FROM CNN's Jack Cafferty:
With the economy in the toilet, millions of Americans have learned the hard way how to cut back on their expenses, and many have even begun saving more and living within their means. But not everyone.
For those of you out there with a wife who always needs the latest pocketbook or perfume, or a husband who just can't live without the new iPhone, listen up: Money Magazine - a sister company of CNN - has a great piece on how to get your spouse to stop overspending.
Research shows that people who overspend usually do it to feel good or in control - not because they actually need what they're buying. In fact, purchasing new items often makes them feel powerful and secure. Therefore the worst thing to do is lecture your spouse on the virtues of saving. The more you talk about this stuff, the more likely he or she will just want to buy more.
Instead, it's more effective to have your spouse 'own the problem' - meaning keep track of what your household spends and ask your husband or wife to review it. Don't say anything else - that way he or she has the choice to cut back.
But if that doesn't work, it may be necessary to get separate bank accounts. Or if the situation is really out of hand, you may need to take even more drastic measures.
Just keep in mind - at the end of the day, the latest gadget or clothing is a heck of a lot cheaper than a divorce.
Here’s my question to you: How do you get your spouse to stop overspending?
Interested to know which ones made it on air?
Mike from San Francisco writes:
My wife keeps the books, pays the bills, and is as tight as a tick. We've both reached the age where watching the bank account grow is more fun than going shopping and blowing money on nonsense.
Tom from Switzerland writes:
Marry someone who is not American, someone who has not grown up in our sickening credit and consumer culture, someone who does not adhere to the buy-now-pay-later mindset which has perverted our country and brought us to the brink of ruin.
Richard from New Hampshire writes:
The secret to a successful marriage is separate checking accounts (assuming both are working) and separate bathrooms. Both are equally important.
Matthew from Oxnard, California writes:
You can't, once a spender always a spender. I’m 17 and my parents have been divorced for 5 years because one of them was a shopaholic.
How do you stop your spouse from overspending? How do you hold a moon beam in your hands?

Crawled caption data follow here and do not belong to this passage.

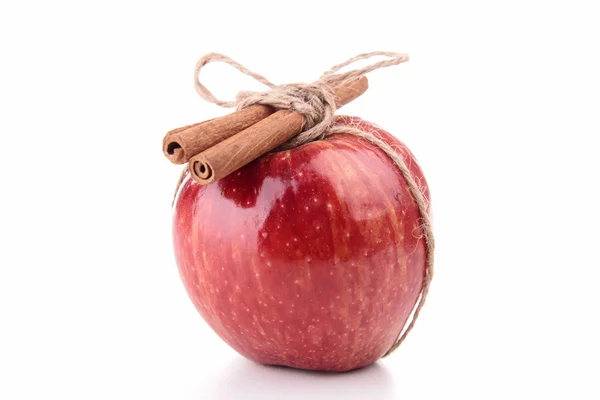 Pomme rouge et cannelle — Photo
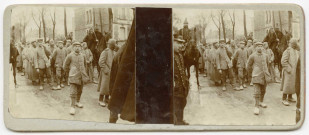 Prisonniers boches [sic] arrivant à Châlons, février 1915.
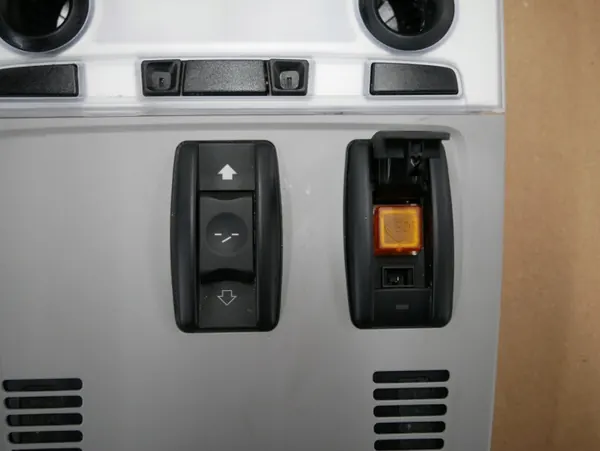 BMW OEM 9225511 Sisätilojen Katkovalo Matkustamossa image 3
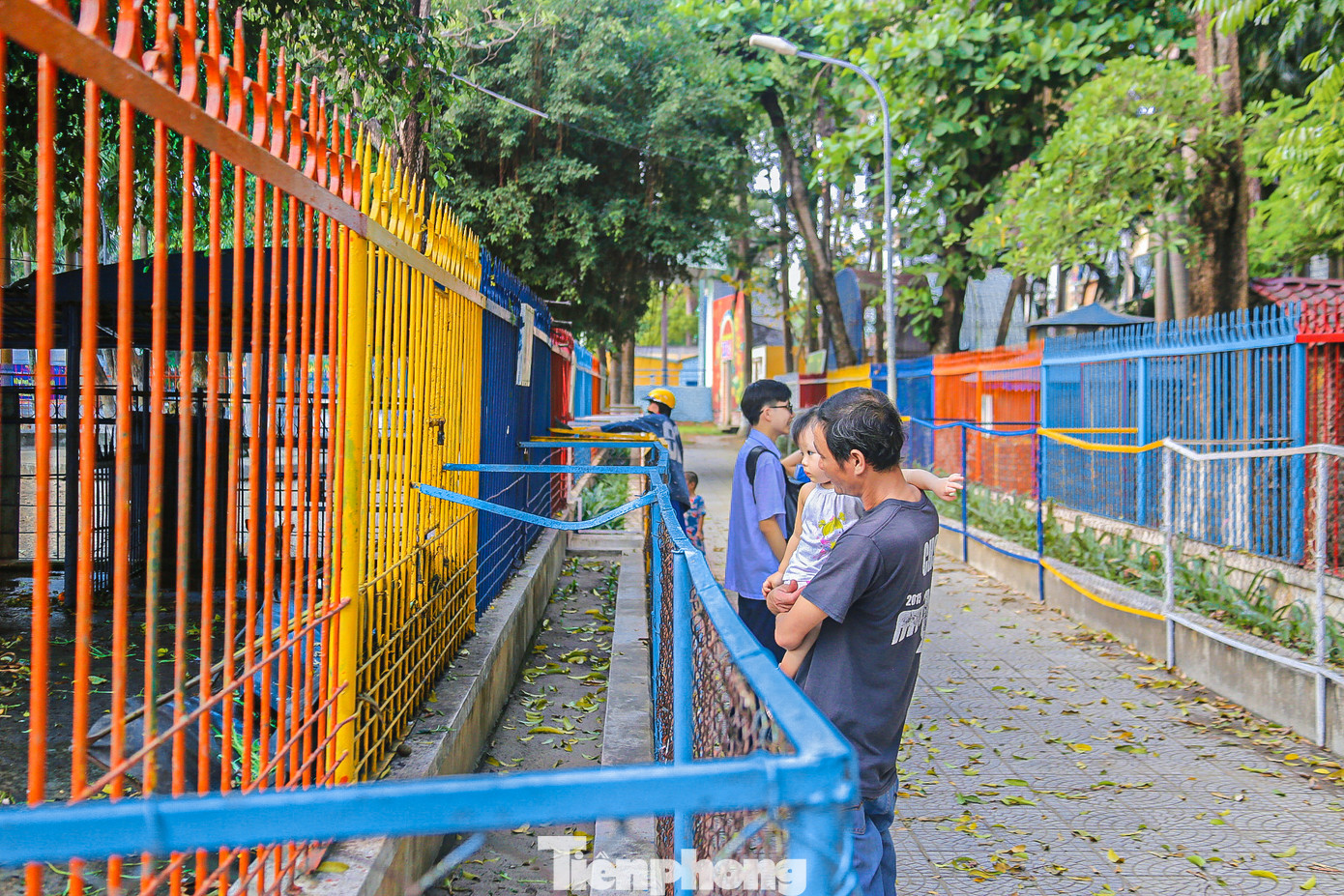 Tuy là dịp cuối tuần nhưng vườn thú đìu hiu, ít khách tham quan.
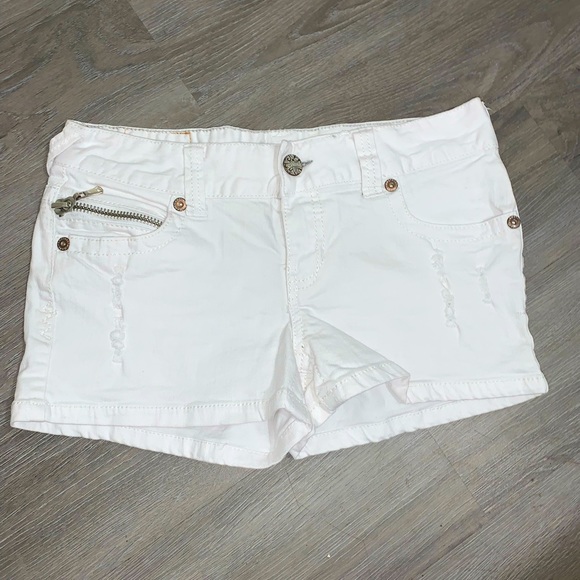 Amethiyst Jean shorts. - Picture 1 of 6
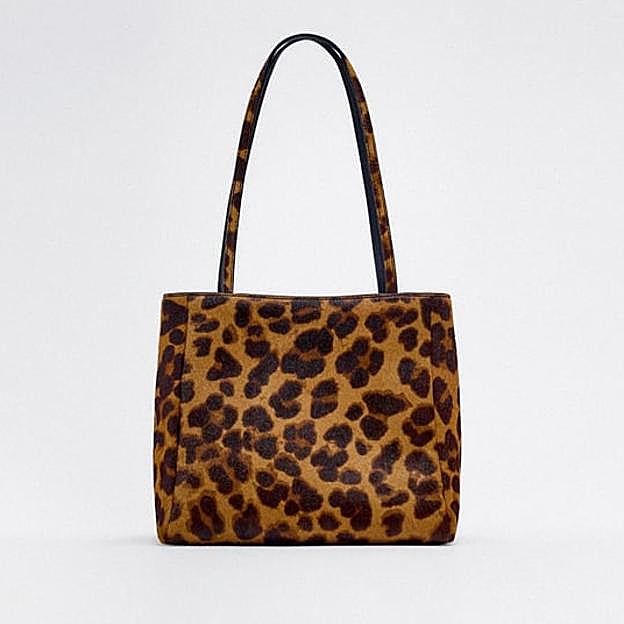 Imagen principal - Los complementos de leopardo de Zara.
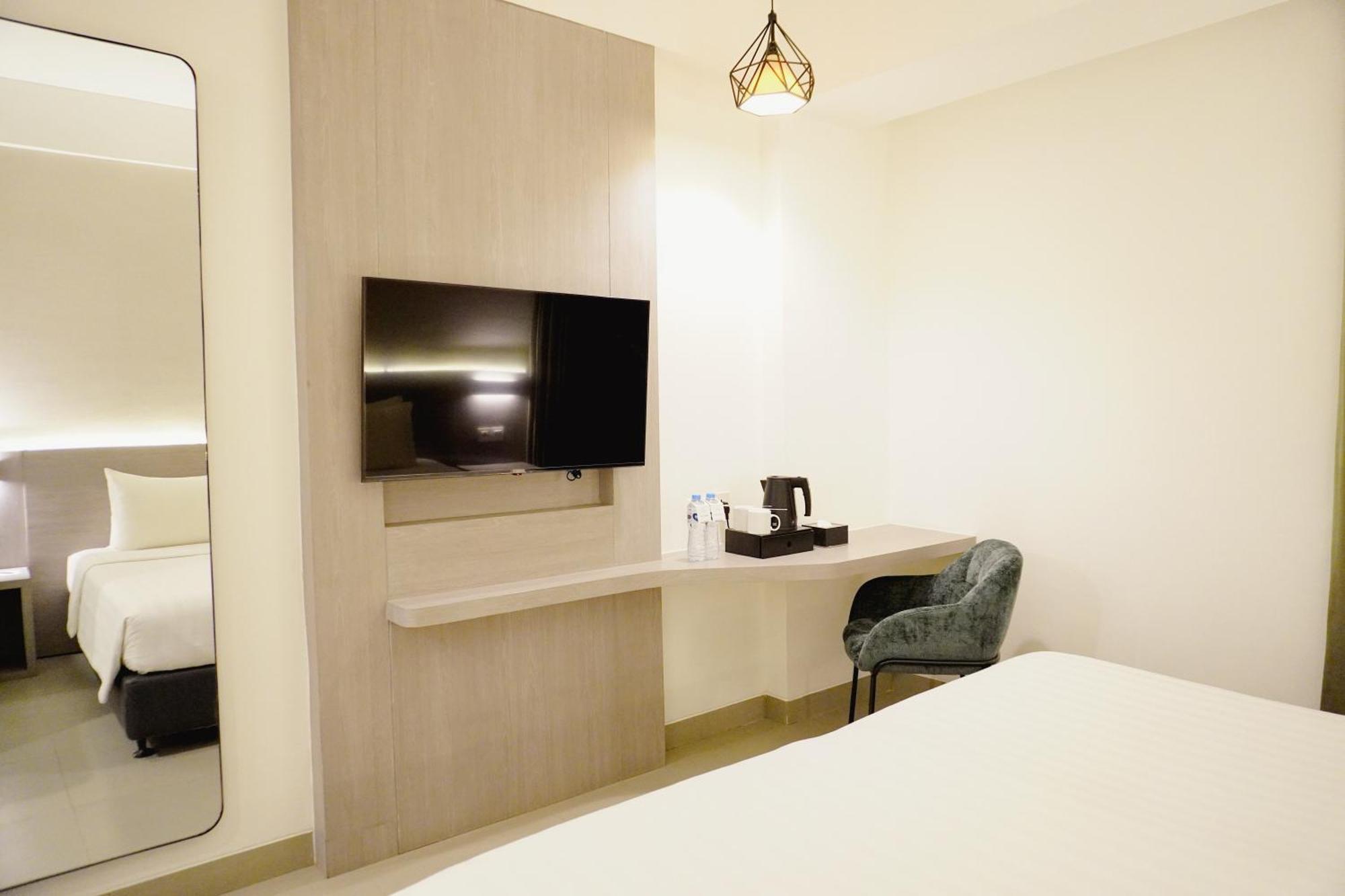 เฟฟโฮเต็ล สุบัง Hotel ซูบัง ภายนอก รูปภาพ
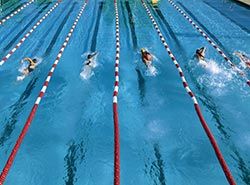 Deltag i svømmestævner i Spanien, på træningslejr svømning i Barcelona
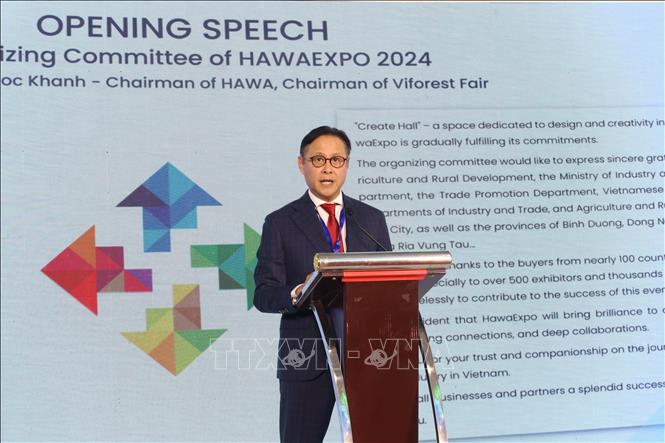 Nguyen Quoc Khanh, Chairman of the Vietnam Forestry Fair JSC (Viforest Fair) - the event’s organiser, speaks at the opening ceremony. VNA Photo: Xuân Anh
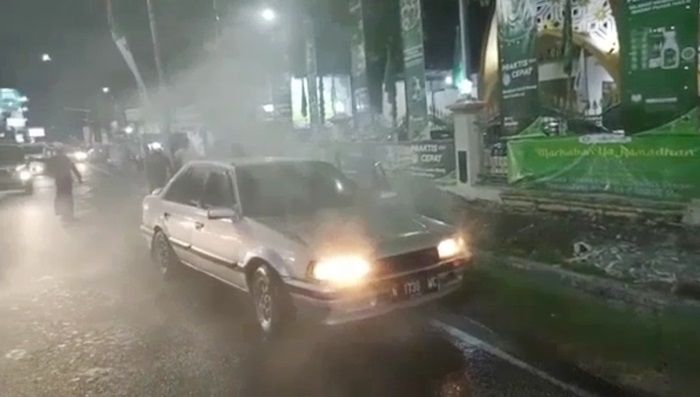 Diduga Korsleting, Mobil Mazda Terbakar di Depan Masjid Baiturrahman Sidoarjo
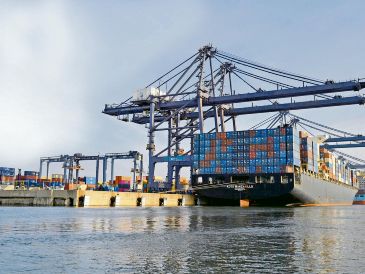 Día con día, el freno de labores en el Puerto de Manzanillo implica pérdidas multimillonarias para miles de empresarios, quienes afirman que, incluso si el problema se soluciona de inmediato, el flujo demorará hasta tres semanas en normalizarse. AFP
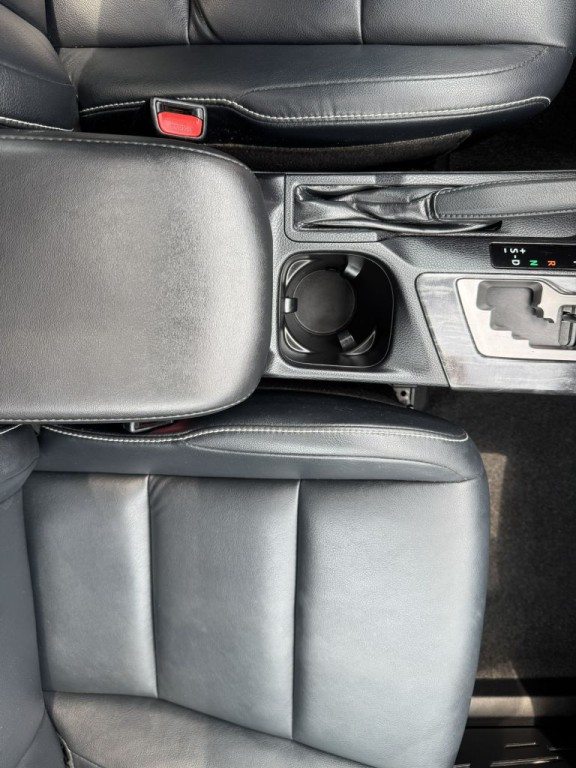 2017 Toyota Rav4 Image 24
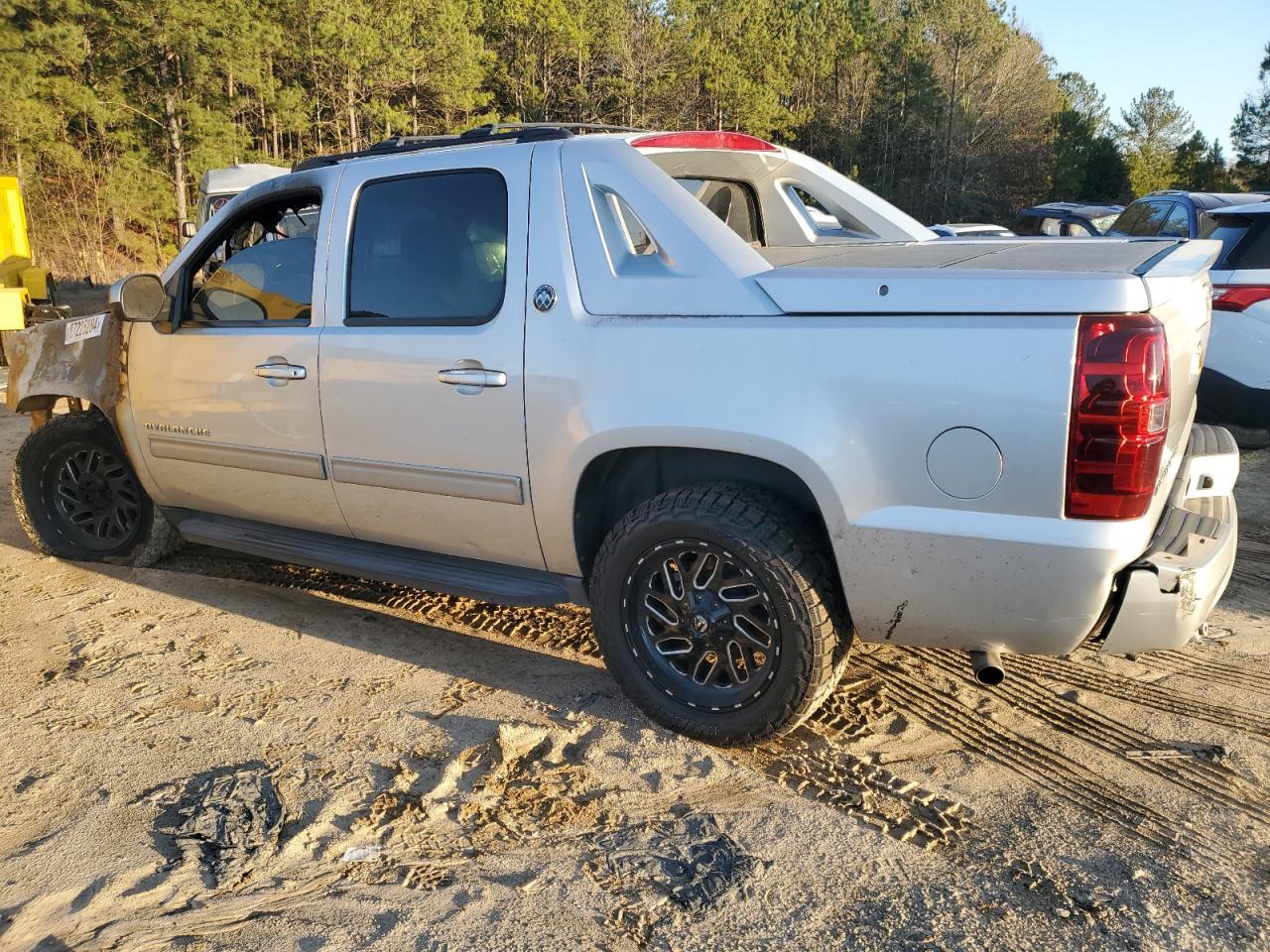 2013 Chevrolet Avalanche - Image 2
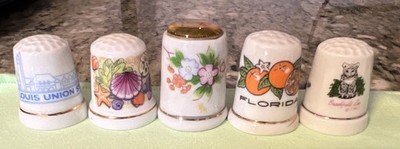 Lot of 13 Vintage Original Collectible Sewing Thimbles Ceramic/Porcelain & Wood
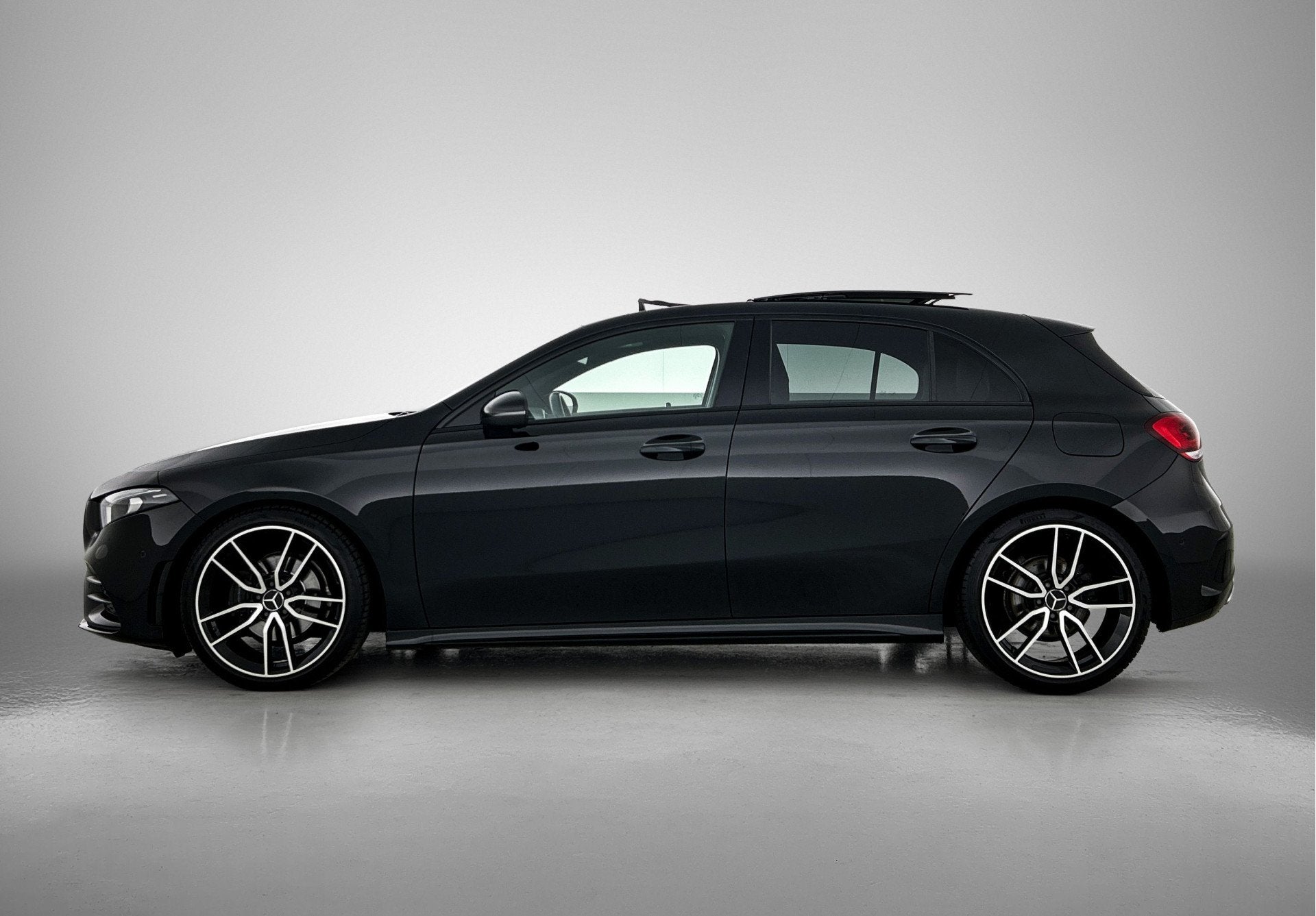 Mercedes-Benz A-Klasse 180 AMG line | Night pakket | Panoram, 12 maanden, 136 pk, Gebruikt, 4 cilinders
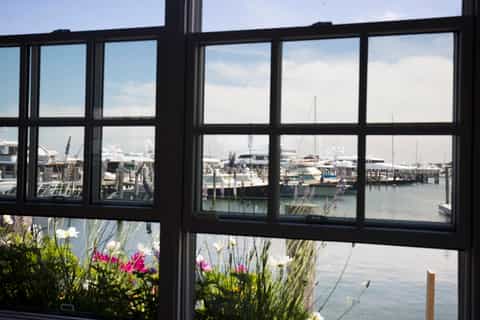 The Hamptons, Sag Harbor & Outlet Shopping Day Trip from NYC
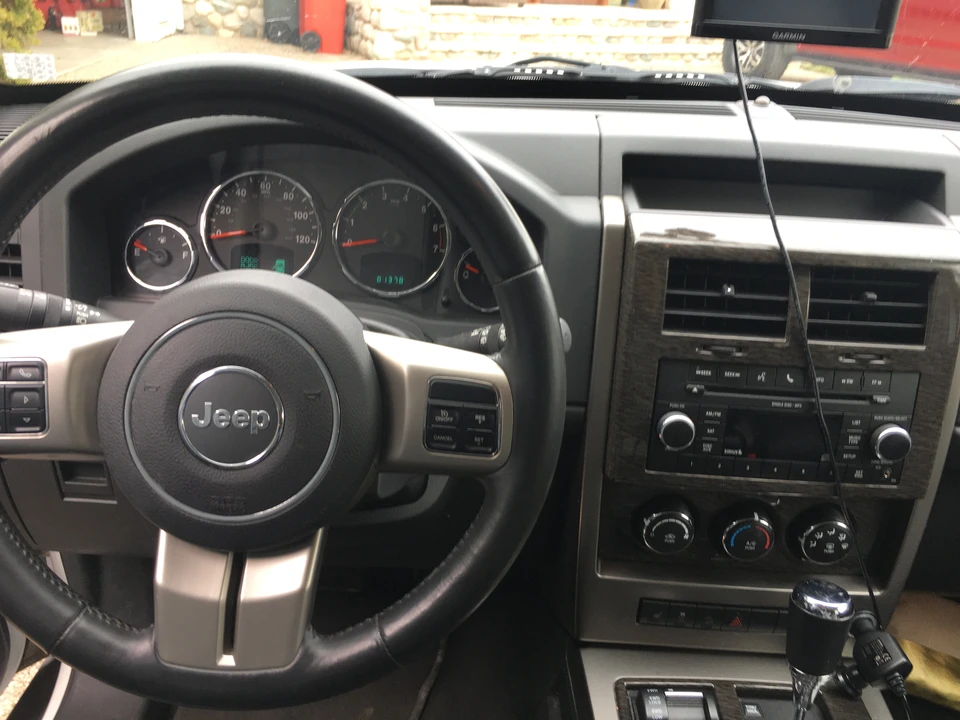 2011 Jeep KK Liberty - Image 4 of 8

My husband was very patient with my overspending for way too long. Eventually he showed me a spreadsheet with exactly how much we overspent on food and entertainment for several months in a row. He suggested we get 2 new bank accounts. One joint savings and one joint bill pay account. Now I don't feel like I'm being over-controlled or am out-of-control.
Kevin from Charlotte, North Carolina writes:
My wife is from the Hamptons. She has never heard of overspending.
Mike from Louisiana writes:
What overspending? I make it. She spends it. After almost 30 years of marriage I've found that as long as I don't spend anything, there's no overspending. She spends it all.